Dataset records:
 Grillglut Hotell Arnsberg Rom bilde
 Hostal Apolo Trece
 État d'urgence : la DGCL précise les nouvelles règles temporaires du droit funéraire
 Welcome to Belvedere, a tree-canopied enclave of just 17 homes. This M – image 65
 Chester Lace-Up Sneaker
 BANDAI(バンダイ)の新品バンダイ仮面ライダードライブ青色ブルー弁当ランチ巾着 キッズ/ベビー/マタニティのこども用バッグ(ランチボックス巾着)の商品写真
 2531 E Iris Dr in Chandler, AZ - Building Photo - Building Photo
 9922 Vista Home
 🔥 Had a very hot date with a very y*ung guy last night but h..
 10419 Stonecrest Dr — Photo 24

YOUR OBJECTIVE: Set down, exactly as they appear, the line holding "2531 E Iris" and every line after it until the records end.

SOLUTION FOR THIS TASK:
 2531 E Iris Dr in Chandler, AZ - Building Photo - Building Photo
 9922 Vista Home
 🔥 Had a very hot date with a very y*ung guy last night but h..
 10419 Stonecrest Dr — Photo 24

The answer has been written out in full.